Official Bindless Graphics feedback thread

NVIDIA just released a new and faster way of rendering with OpenGL, called Bindless Graphics. Bindless Graphics are changes to OpenGL that can enable close to an order of magnitude improvement in the CPU-limitedness of graphics applications. Recent improvements in programmability have focused on additional flexibility in shaders (expanding formats to include more float and integer types, better branching support, etc.) and enabling new features (geometry programs, transform feedback, etc), and while some of these allow offloading parts of certain workloads to the GPU, they don’t directly attack the issues that dominate CPU time.

Bindless Graphics is enabled through two OpenGL extensions. NV_shader_buffer_load and NV_vertex_buffer_unified_memory

You can read the Bindless graphics tutorial for more detail.

Let us know how it works for you!

(with my NVIDIA hat on)

Just a comment: A lot of updates recently from NVIDIA, nice to see all the updates and browse developer page (like few years back).

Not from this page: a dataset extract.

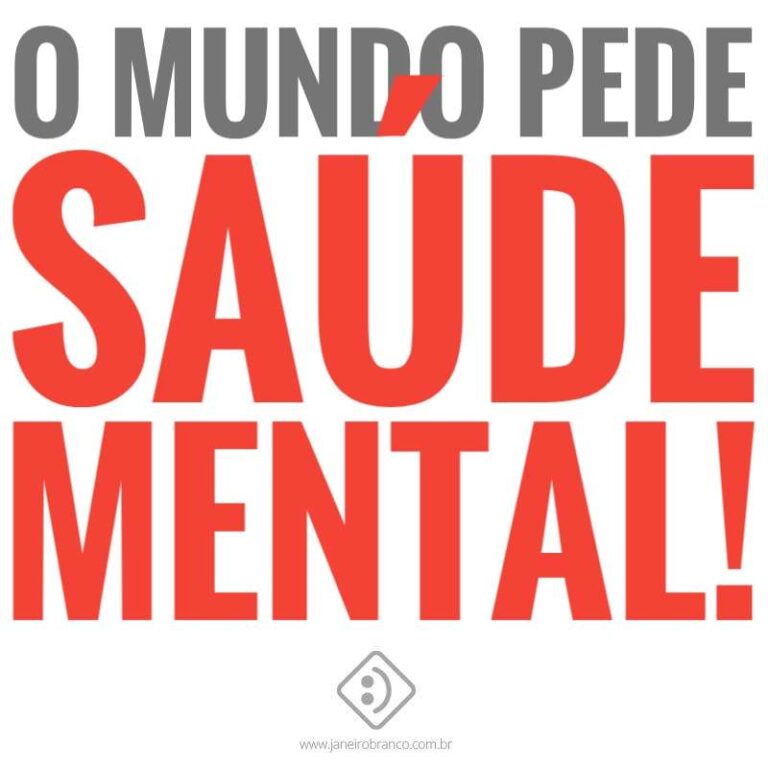 Campanha Janeiro Branco consolida-se como a maior Campanha do mundo em prol da Saúde Mental da humanidade.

Reading the spec right now, seems nice. Presentation is well made. Currently our application is more CPU + State changes bound than GPU raw power limited, but I aim (hopefully) to test these new extension next week and see If it make a difference.


How does this extension interact with Map/Unmap usage patterns? I use map/unmap so I can update the VBO data in another thread. Will it still work?

Is 8800 support planned? (All beta drivers I can find are for 9200+ only.)

Are these extensions GL 3 only? In the spec, there are examples using GLSL version 1.20, but the header states that the spec is written against OpenGL 3.0.

I was hoping that NV_shader_buffer_load would have been an extension which allows saving compiled shaders to disk and reloading them later!

I haven’t tried it yet, but it’s nice to see that binding blocks of uniforms will now be as fast as changing a pointer.

From the NVIDIA release: “Bindless Graphics is available starting with NVIDIA Release 185 drivers for hardware G80 and up.”

That’s what happens when you don’t eat your veggies. :o
Sorry bout that.

Blindless Graphics aka (like) one of the good bits from LP.

Nice one NV, good to see that some of LP has survived in some form.

Just a shame that AMD wont get in on the act (I say this as an AMD GPU user, so no bias against them); because of that it would be intresting to see how much use this would get in the ‘real’ world.

Very nice! Great job, NVidia!

That’s really nice !
But one thing I wonder is, since we are now able to get direct GPU global memory addresses, how does this interact with OpenGL SLI mode ? Is automatic scaling with multiple GPU still working ?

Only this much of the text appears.